Heavy Metal : FAKK2
Review - we examine FAKK2's assets in our definitive review of the third person action game
The Story So Far
What do you get when you combine the weird world of sci-fi comic book Heavy Metal and the warped imagination of Kevin Eastman, creator of the Teenage Mutant Ninja Turtles? The answer is "Heavy Metal : FAKK2", a straight-to-video animated movie. The good news is that the game of the same name has little in common with the rather disappointing movie, apart from its bizarre imagery and the amply imbued heroine Julie. FAKK2 the game takes place thirty years after the movie, but luckily for us the planet Eden, on which Julie has settled with the other survivors of the film, is home to the fountain of eternal youth. After all, a third person action game in which your character is a saggy middle-aged woman would be something of a let down... Being a woman of action though, Julie finds all this sitting around drinking mineral water and staying forever youthful rather dull. Unluckily for her (but luckily for us) Eden's peaceful existence is about to be rudely interrupted by an evil demi-god by the name of Gith. The first part of the game consists of exploring Julie's settlement on Eden, and chatting with all the people you will see getting brutally slaughtered a few hours later. You will also find your way to the training area, where you will be guided through a fairly comprehensive tutorial which shows you how to select and use your various weapons and equipment, and how to control Julie.
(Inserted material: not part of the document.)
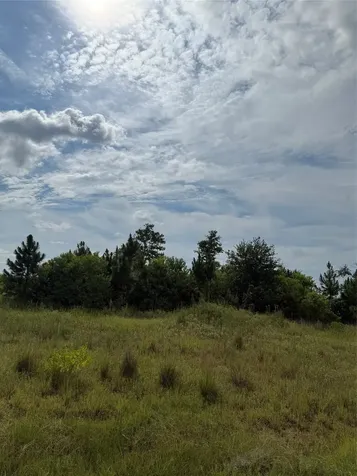 298 Road 5601 Cleveland TX 77327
As in any good third person game your character has a plentiful supply of moves, with Julie climbing up, down and along ropes, dangling from monkey bars, edging her way along narrow ledges, and ducking and crawling her way under low obstructions, a move which seems to exist purely as an excuse for the developers to give you an extreme close-up of Julie's butt. The controls are very easy to get to grips with, and the moves are achieved using a simple combination of the various movement keys. Walking up to a low ledge and holding down the forwards key will make Julie clamber up on to it, while climbing along a horizontal rope or pipe is simply a case of jumping up to grab hold of it and then moving backwards or forwards, using the jump key a second time to lift your legs up over the rope, or the duck key to let go and drop to the ground. This is about as simple and responsive as third person gaming gets.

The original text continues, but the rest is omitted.